(Beginning of Data section)
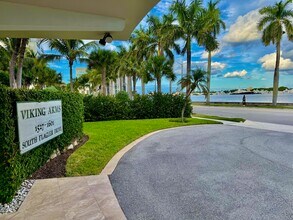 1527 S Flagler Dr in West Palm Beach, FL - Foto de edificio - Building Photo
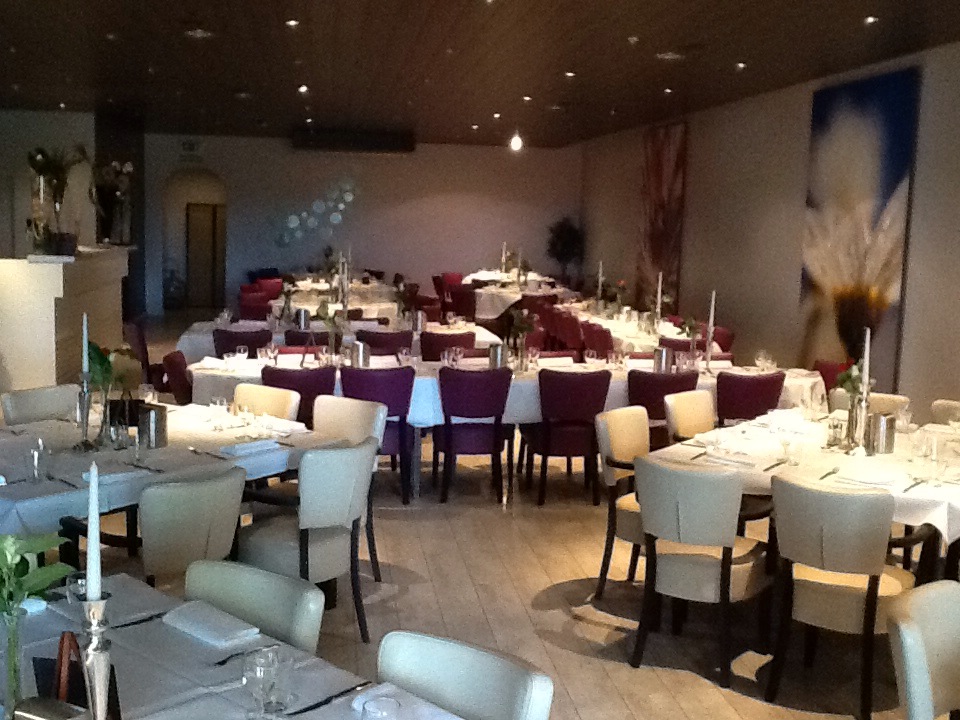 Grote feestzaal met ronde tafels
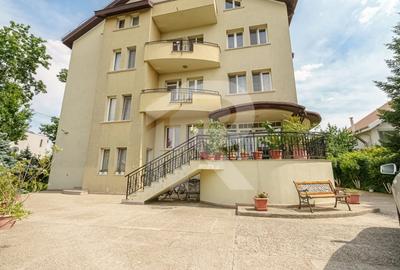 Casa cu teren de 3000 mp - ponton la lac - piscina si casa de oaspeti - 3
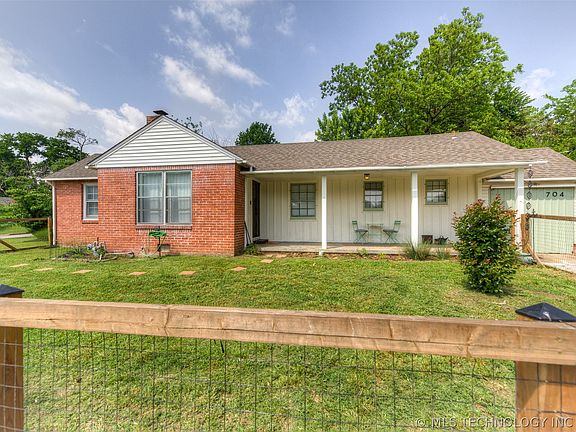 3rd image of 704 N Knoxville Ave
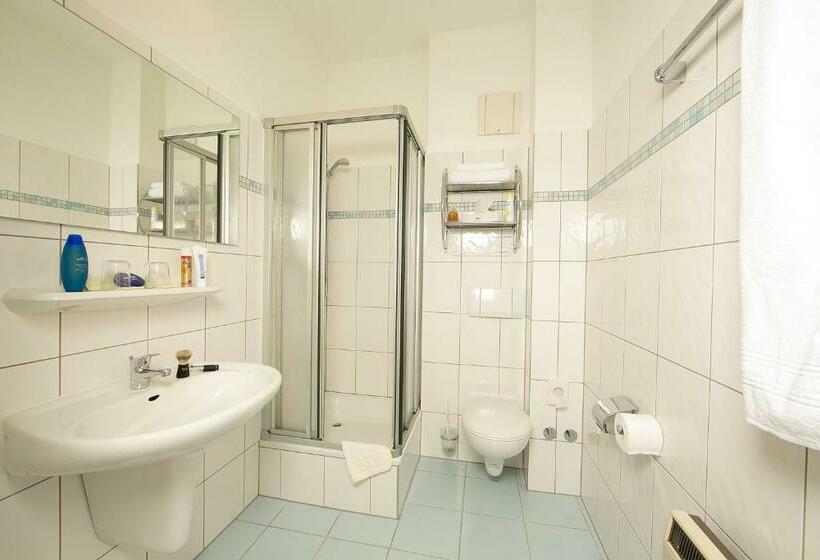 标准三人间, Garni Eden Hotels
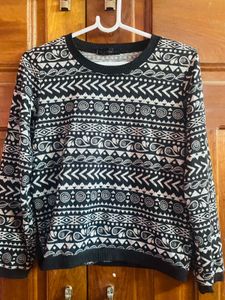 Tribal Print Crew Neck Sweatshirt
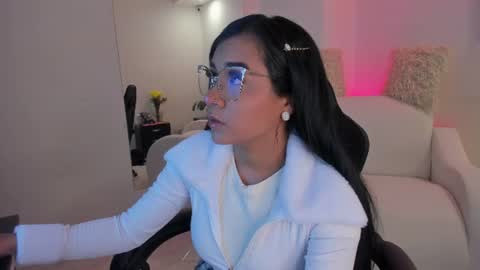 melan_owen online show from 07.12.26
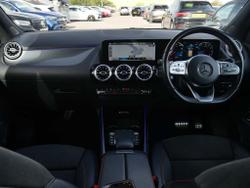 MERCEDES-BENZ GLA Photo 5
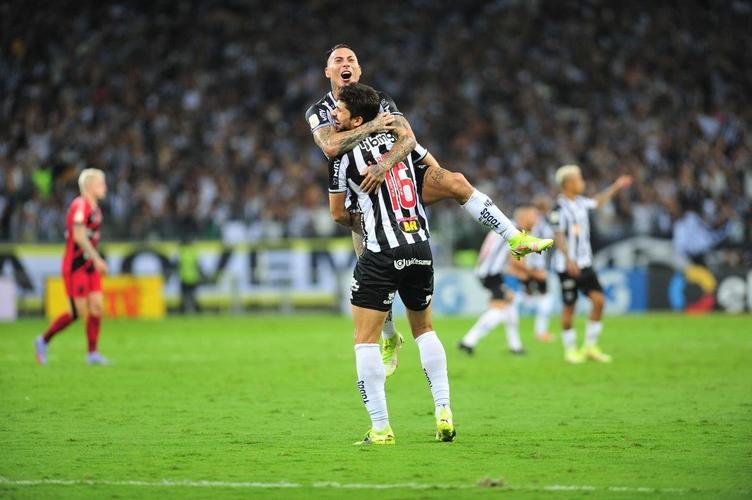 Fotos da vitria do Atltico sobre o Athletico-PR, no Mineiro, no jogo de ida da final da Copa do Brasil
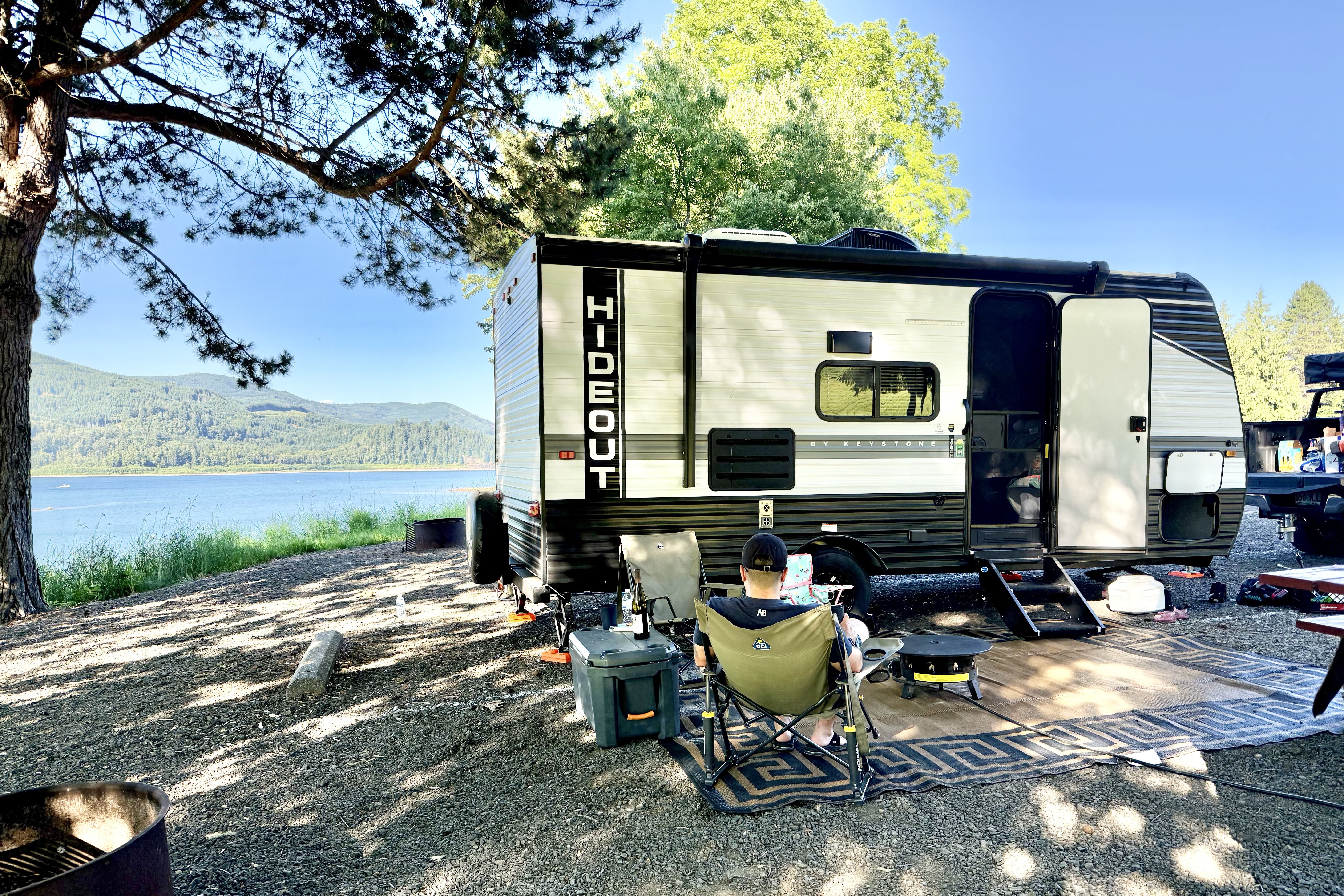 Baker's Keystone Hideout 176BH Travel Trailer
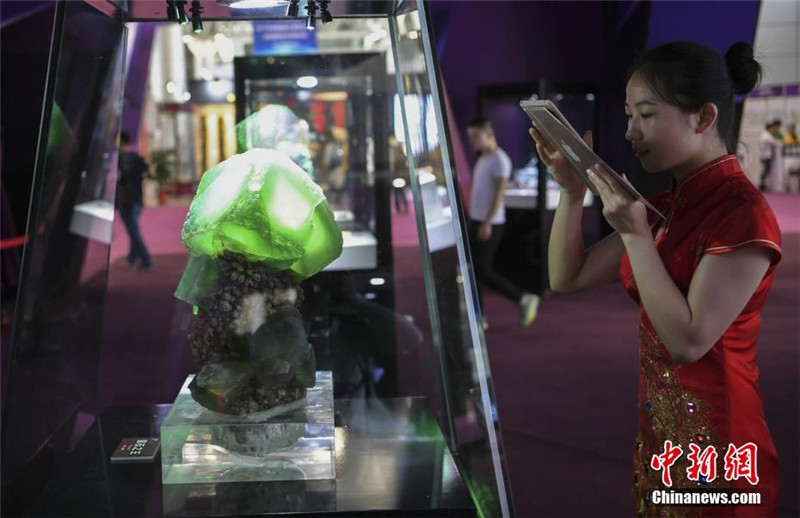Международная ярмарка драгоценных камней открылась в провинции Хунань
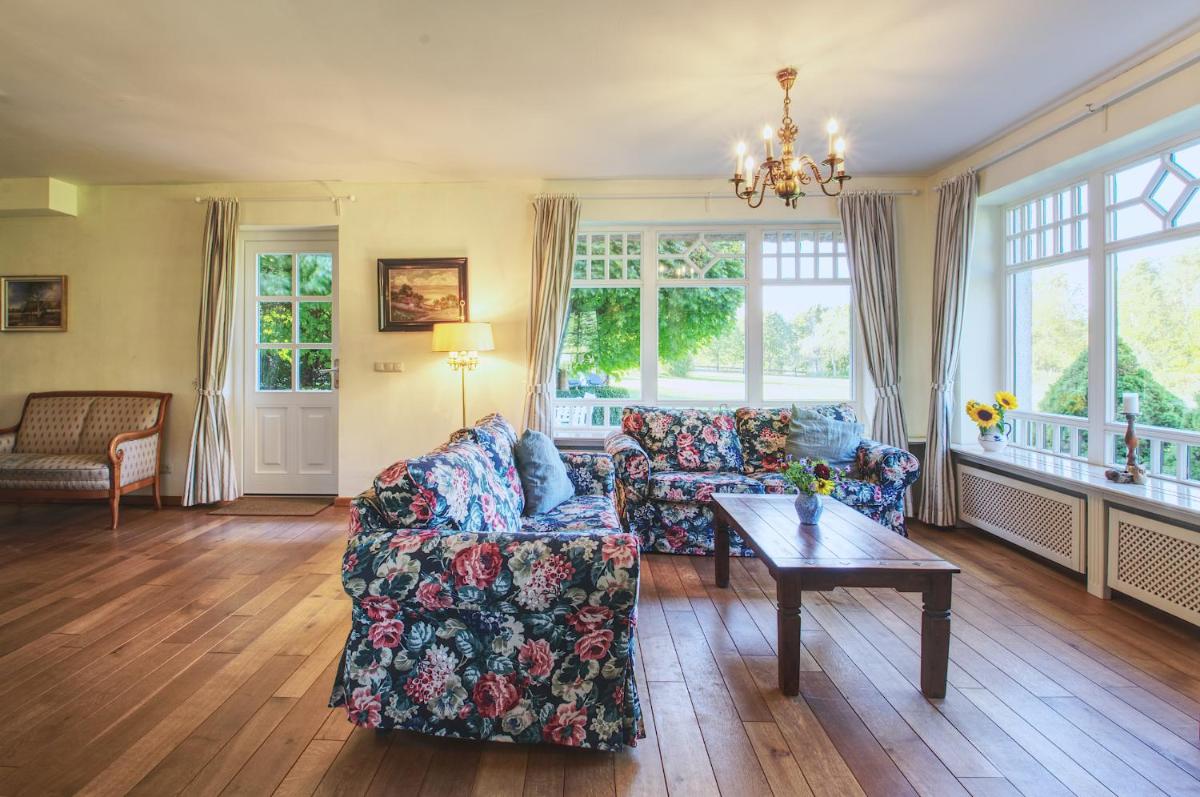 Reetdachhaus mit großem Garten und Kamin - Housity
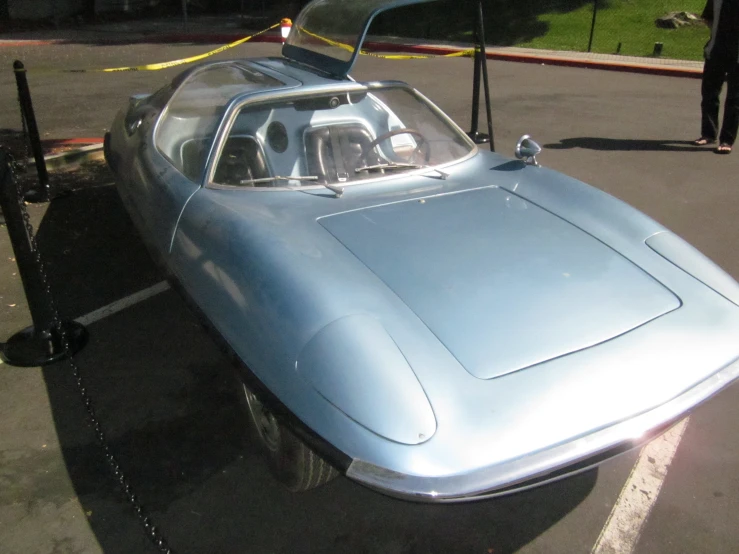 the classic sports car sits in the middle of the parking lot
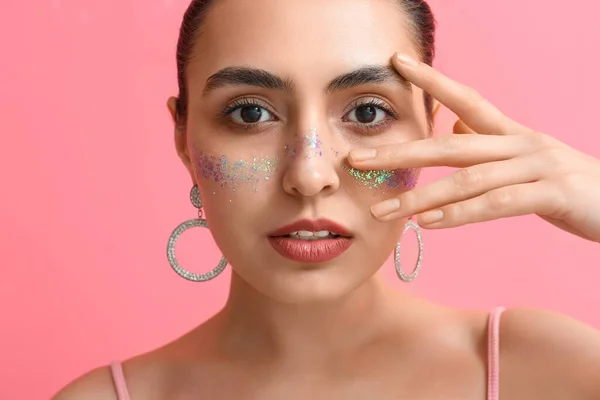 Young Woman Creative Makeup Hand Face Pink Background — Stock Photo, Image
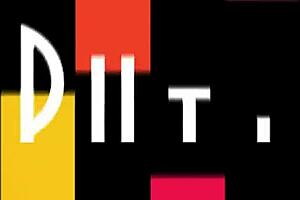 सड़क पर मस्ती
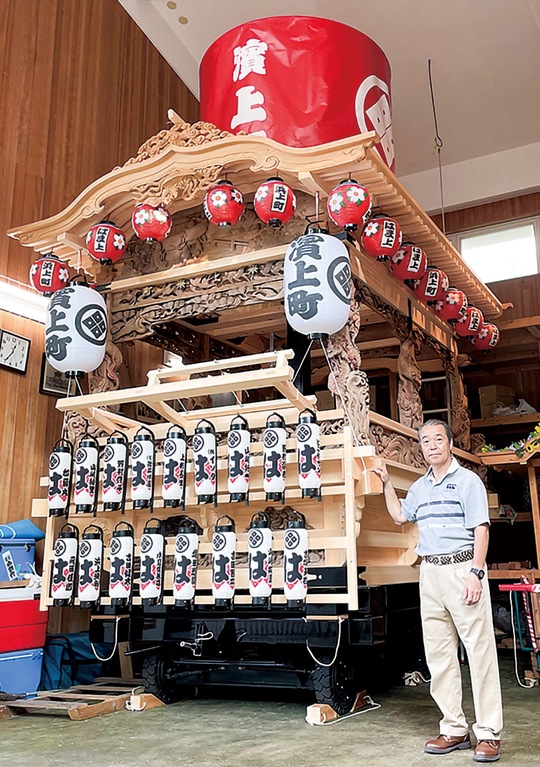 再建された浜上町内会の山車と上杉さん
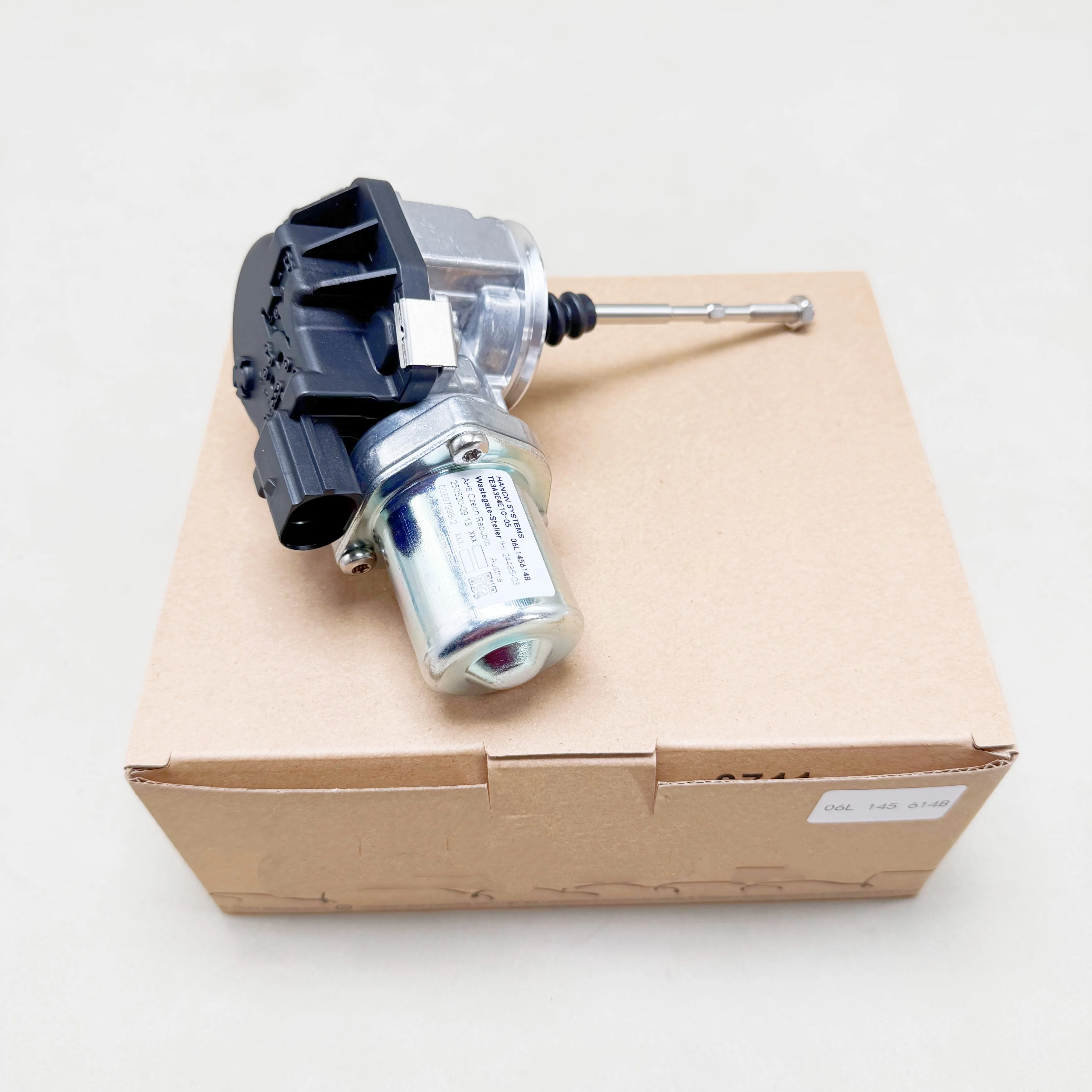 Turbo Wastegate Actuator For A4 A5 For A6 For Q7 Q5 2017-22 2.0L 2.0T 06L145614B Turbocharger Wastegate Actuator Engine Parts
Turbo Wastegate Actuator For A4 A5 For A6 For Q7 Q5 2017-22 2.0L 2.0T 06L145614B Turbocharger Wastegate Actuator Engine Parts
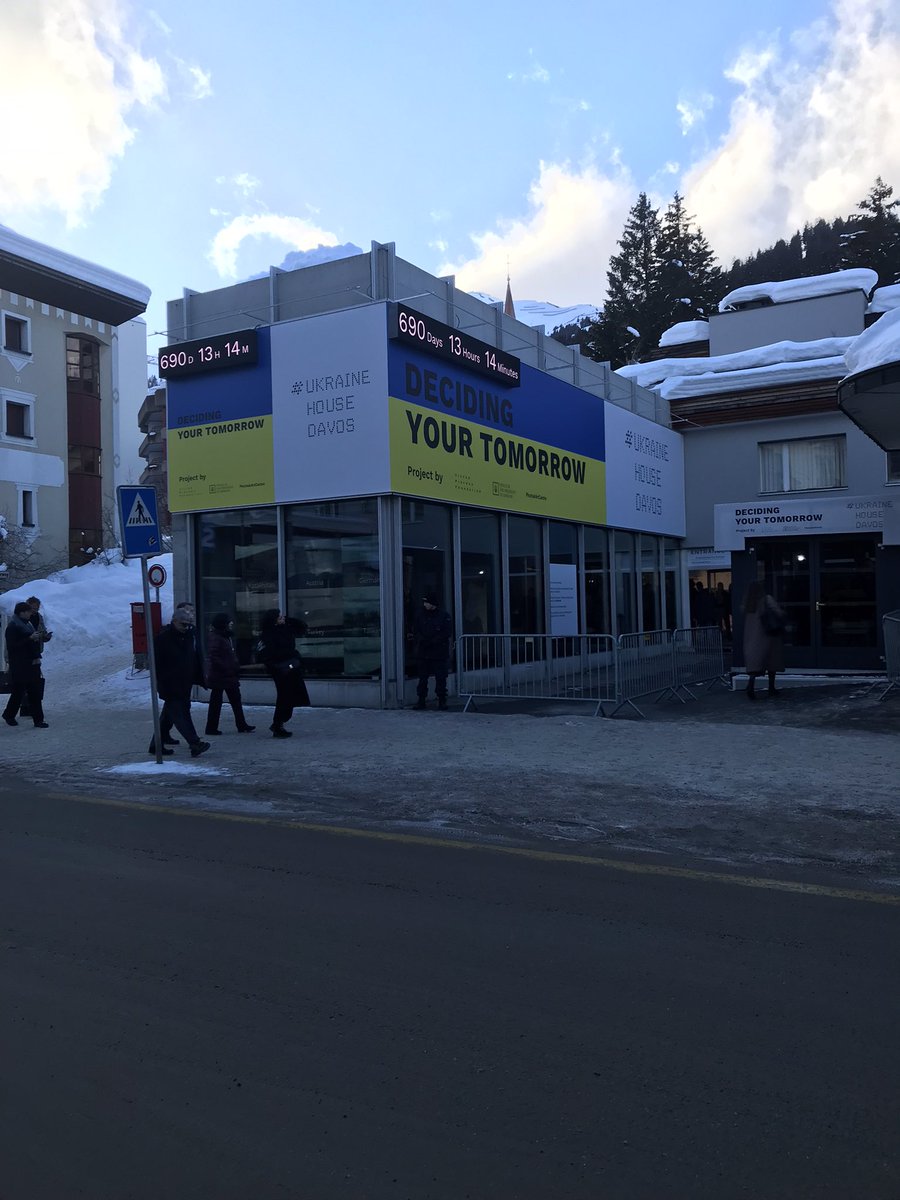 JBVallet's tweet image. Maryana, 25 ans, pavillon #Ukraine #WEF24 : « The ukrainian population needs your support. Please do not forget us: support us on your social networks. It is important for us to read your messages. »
(End of Data section)
• [What to produce] Leaving out all pictures, print exactly the lines above from the one containing "Tribal Print Crew Neck Sweatshirt" through the last line of the entries.

• [Response]
 Tribal Print Crew Neck Sweatshirt
 melan_owen online show from 07.12.26
 MERCEDES-BENZ GLA Photo 5
 Fotos da vitria do Atltico sobre o Athletico-PR, no Mineiro, no jogo de ida da final da Copa do Brasil
 Baker's Keystone Hideout 176BH Travel Trailer
Международная ярмарка драгоценных камней открылась в провинции Хунань
 Reetdachhaus mit großem Garten und Kamin - Housity
 the classic sports car sits in the middle of the parking lot
 Young Woman Creative Makeup Hand Face Pink Background — Stock Photo, Image
 सड़क पर मस्ती
 再建された浜上町内会の山車と上杉さん
 Turbo Wastegate Actuator For A4 A5 For A6 For Q7 Q5 2017-22 2.0L 2.0T 06L145614B Turbocharger Wastegate Actuator Engine Parts
Turbo Wastegate Actuator For A4 A5 For A6 For Q7 Q5 2017-22 2.0L 2.0T 06L145614B Turbocharger Wastegate Actuator Engine Parts
 JBVallet's tweet image. Maryana, 25 ans, pavillon #Ukraine #WEF24 : « The ukrainian population needs your support. Please do not forget us: support us on your social networks. It is important for us to read your messages. »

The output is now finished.